Cognac & Chocolat / Patrick Roger

(Première version parue dans En Magnum #10)

Une rencontre avec Patrick Roger (Meilleur Ouvrier de France, catégorie Chocolat, en 2000) est toujours un moment rare car la discussion procède par fragments. Il faut du temps pour rentrer dans son univers. Lorsque, avec David Boileau, ambassadeur du Cognac pour le BNIC (1), nous poussons la porte de son immense laboratoire-atelier à Seaux, Patrick vient jute de rentrer d’Afrique où il est parti voir de plus près les chimpanzés dont il espère que l’intense activité sexuelle de ces derniers le sortira de l’abstinence de son animal fétiche, le gorille.

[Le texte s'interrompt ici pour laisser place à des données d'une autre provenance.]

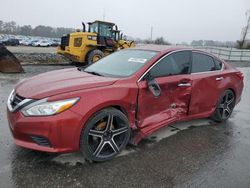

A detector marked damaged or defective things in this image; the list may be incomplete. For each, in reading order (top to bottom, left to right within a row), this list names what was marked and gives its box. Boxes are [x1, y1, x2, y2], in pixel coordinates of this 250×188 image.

crumpled hood [15, 68, 119, 99]
damaged red sedan [6, 46, 243, 162]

Rappelons pour l’anecdote que c’est grâce à « Harold », un gorille de 62 kg de chocolat sculpté pendant 27 heures, qu’il porte aujourd’hui son col bleu, blanc, rouge de MOF et que sa dernière série pour la Saint Valentin reprenait le motif des trois singes de la Sagesse, des gorilles évidemment, auquel il en a rajouté un quatrième dont les mains n’occultent ni les oreilles, les yeux ou la bouche, mais le sexe. « Lui, c’est moi » dit-il avant de plonger sans transition dans le sujet du jour : « Le chocolat bouffe tout, c’est très simple, car il est beaucoup plus couvrant » en se souvenant des essais fait quelques années auparavant pour Hennessy dont un vestige reste à son catalogue, une demi-sphère enrobant un grain de raisin macéré dans le Cognac.

Il a néanmoins fait préparer trois chocolats pour la dégustation. Une ganache nature, une ganache café et une orangette les trois enrobés du même chocolat noir de Madagascar que nous dégustons dans le désordre car « il n’y a pas d’ordre dans la dégustation puisque le chocolat domine tout. » Nous commençons donc par la ganache café que nous associons au VSOP pour ses notes boisées.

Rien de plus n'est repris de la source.